Climate change and Nepal
Nepal is highly vulnerable to climate change. All its major rivers are snow-fed, originating in the high Himalayas bordering China’s Tibet. As the snow cover up in the mountains steadily recedes, less water flows into the rivers downstream during the winter season.
This means less water to produce electricity, less water to drink and less water to irrigate the fields. Alternately, whatever snow accumulates up there melts fast during the summer, inundating these rivers, which translates into devastating floods and landslides downstream. The poorer you are in Nepal, the more such extreme weather events will affect you. Even without these events, vast swathes of arable lands lie barren as most able-bodied men and, increasingly, even young women, are leaving the country in search of gainful employment abroad. Even if some of them decide to stay back and cultivate their lands the yields of major crops like rice and corn are low and as such commercially unviable. Nor are our farmers in a position to negotiate good price for their crops. The extreme weather events have only added to their woes.
The much-touted Agriculture Development Strategy (ADS) that will supersede the existing Agriculture Perspective Plan (APP) hopes to transform Nepali agriculture that still employs nearly 70 percent of its working-age population. For instance it aims to boost per hectare land productivity from the current US $1,600 to $5,000. The export of farm items from Nepal is expected to rise from the current $250 million to $1.6 billion by the end of the 20-year timeline of ADS. One of its core objectives is commercialization of the agro sector so as to make agriculture a viable means of livelihood. Therefore, in addition to increasing their access to modern farming tools and fertilizers, the farmers will also get training on value-addition and entrepreneurship.

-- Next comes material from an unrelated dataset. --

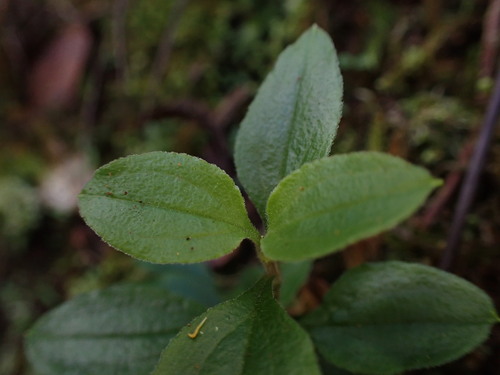 Schiedea viscosa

In light of the new challenges posed by climate change, the ADS aims to mitigate the risks to commercial agriculture through response mechanisms “that include catastrophe protection insurance and the protection of farmers under bankruptcy legislation.” Such safety nets will undoubtedly give farmers more incentive to cultivate their lands.
More than that, Nepal will also have to learn to tap into the resources that have been made available by the rich countries—that contribute the most to climate change—to the poor countries to help them adjust to the worst effects of climate change. For instance the rich countries have since 2009 committed US $100 billion a year for poor countries.
Although the rich countries have struggled to completely honor this yearly commitment, they still pony up substantial sums every year. (For instance $62 billion was raised in 2014.) But Nepal has not been able to adequately tap into this global pool owing to its failure at quantifying its vulnerabilities and at presenting a convincing case before the world. This is because the issue of climate change, as important as it is for Nepal, has never been taken seriously by our political bigwigs. But with the planet on course to witness its hottest year on record, such neglect could prove costly. Nepal failed to make a convincing case at the most recent UN Climate Change Conference in Paris back last November. Pummeled by an unprecedented number of water-induced disasters this monsoon, the country is again struggling to cope. A little disaster planning in advance would have made things more manageable.